Japanese Prime Minister Yoshihide Suga greeted US Secretary of State Antony Blinken and US Defense Secretary Lloyd Austin. Photo: AFP

Japan and the US plan to affirm the significance of stability in the Taiwan Straits when Japanese Prime Minister Yoshihide Suga visits Washington in April for a summit with US President Joe Biden, according to Nikkei. The report said that the two sides are in discussions to include the passage on the island of Taiwan in a joint statement to be released after the summit.

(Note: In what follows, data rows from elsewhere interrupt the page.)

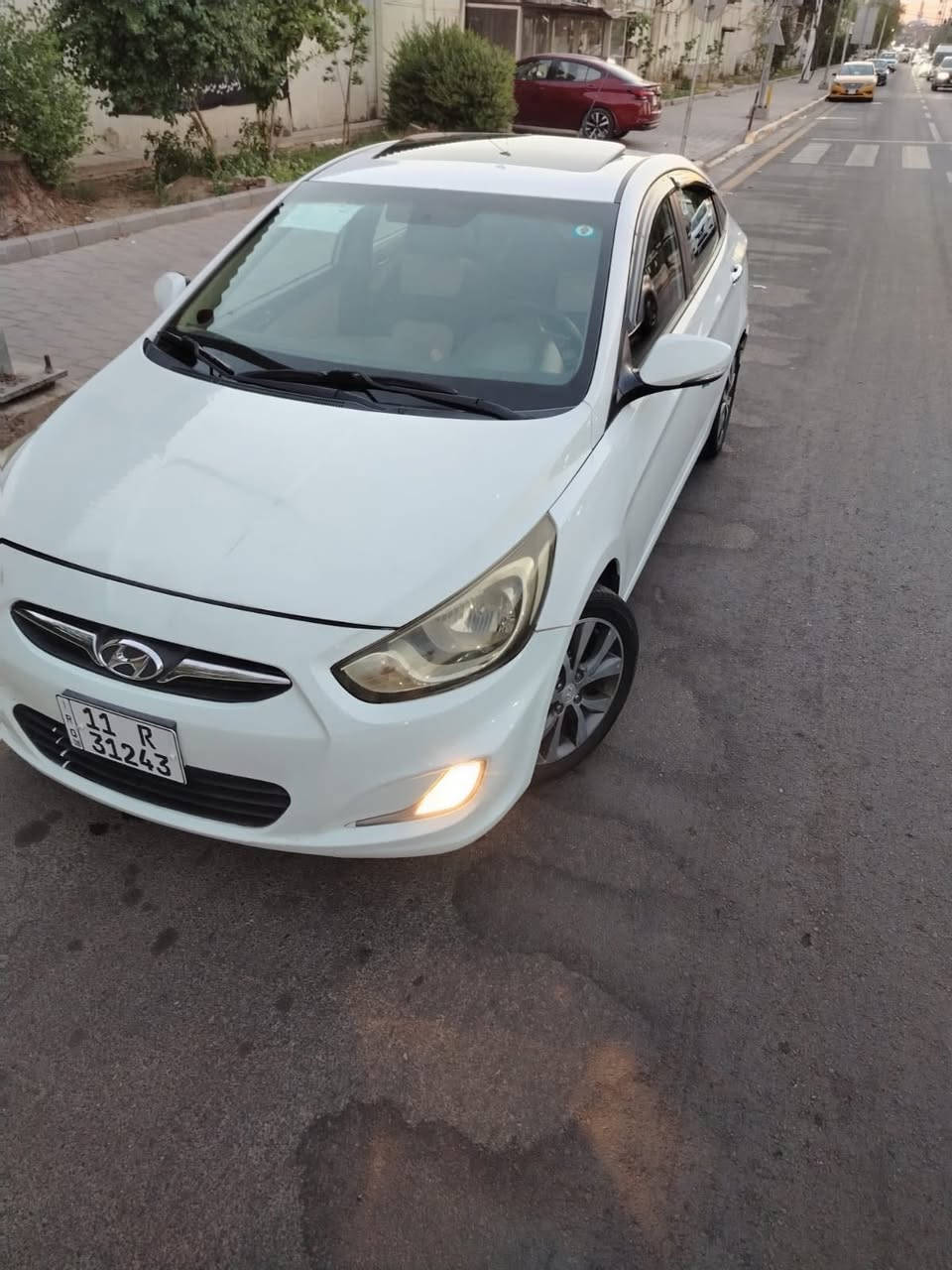 سلام عليكم
اكسنت 2015 خليجي 
فول موصفات من عده البصمه 
-ماشيه 74 km حقيقي 
-اشاير بلمري 
-4ديسك 
-فتحه سقف 
-تحكمات ستيرن 
-5ويل كب
-محرك 1600v
-كير مكينه مكفولات 
-سياره بيه بس قطعه صبغ بنيد 
-سياره رقم بغداد  انكليزي بسمنه 
-مكاني بغداد الكاظميه 
-السعر 109 وبيه  مجال بسيط حك جيه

With China's rise, peaceful albeit, the US feels urgent to contain China's growth to maintain its regional and global hegemony. Yet the international community has witnessed the US' decline. The US may be aware that it can hardly curb China's advance on its own, said Wang Guangtao, an associate research fellow at the Center for Japanese Studies of Fudan University. Thus, Washington wants to gang up against China with its allies, including Japan, one of its pivotal allies in the region. It is anticipated that the US has piled considerable pressure on Japan.

The US-Japan military alliance has been on an unequal footing - the US has pledged to defend Japan, while Japan has coordinated and bolstered US strategies. Since the previous Shinzo Abe administration, Tokyo had proactively collaborated with Washington's Indo-Pacific Strategy. The Suga administration's cooperation with the US' global and regional strategic deployment is consistent with Japan's long-term diplomatic practices.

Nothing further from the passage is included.